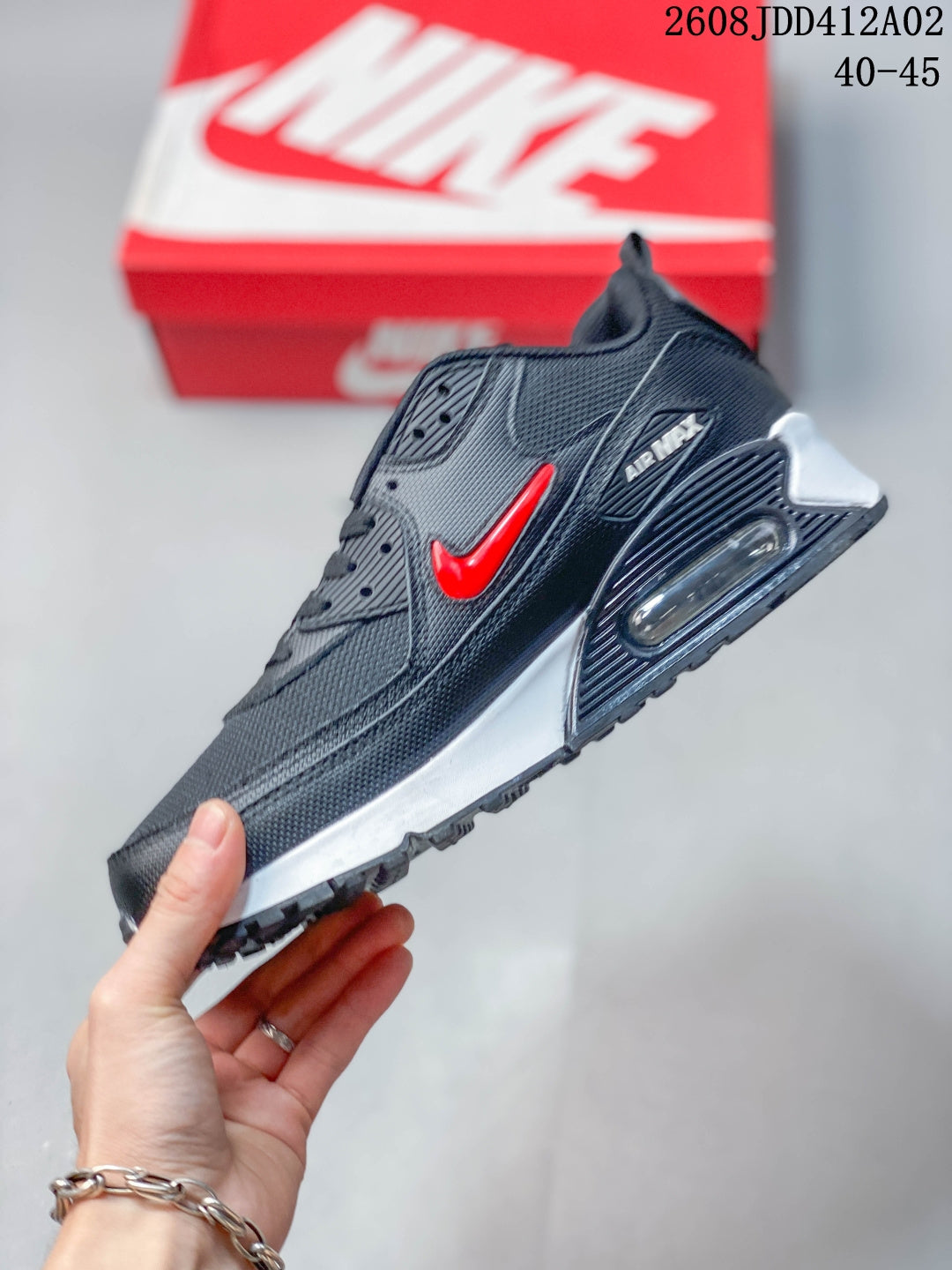 Air Max 90 #33 - Color 01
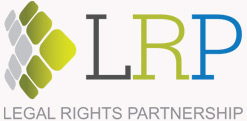 Legal Rights Partnership logo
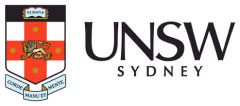 UNSW Sydney logo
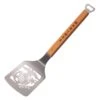 Sportula Military Stainless Steel Brown/Silver Grill Spatula 1 Pc -Grill Masters Outlet 88b69589 ecac 47ac 993b 37b1d26f8b1e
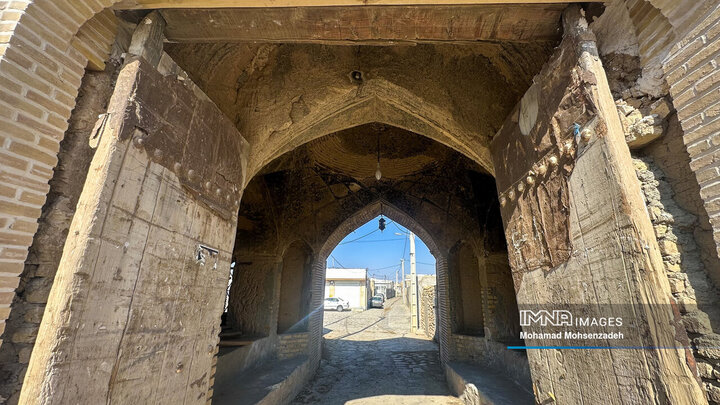 Last Castle Village of Iran
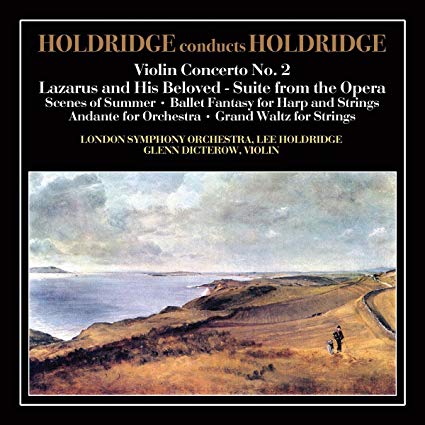 Lee Holdridge - Holdridge Conducts Holdridge - CD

---

**WHAT YOU ARE ASKED TO DO**:
Output the full listing verbatim; pictures stay out.

**RESPONSE TO THIS TASK**:
 Air Max 90 #33 - Color 01
 Legal Rights Partnership logo
 UNSW Sydney logo
 Sportula Military Stainless Steel Brown/Silver Grill Spatula 1 Pc -Grill Masters Outlet 88b69589 ecac 47ac 993b 37b1d26f8b1e
 Last Castle Village of Iran
 Lee Holdridge - Holdridge Conducts Holdridge - CD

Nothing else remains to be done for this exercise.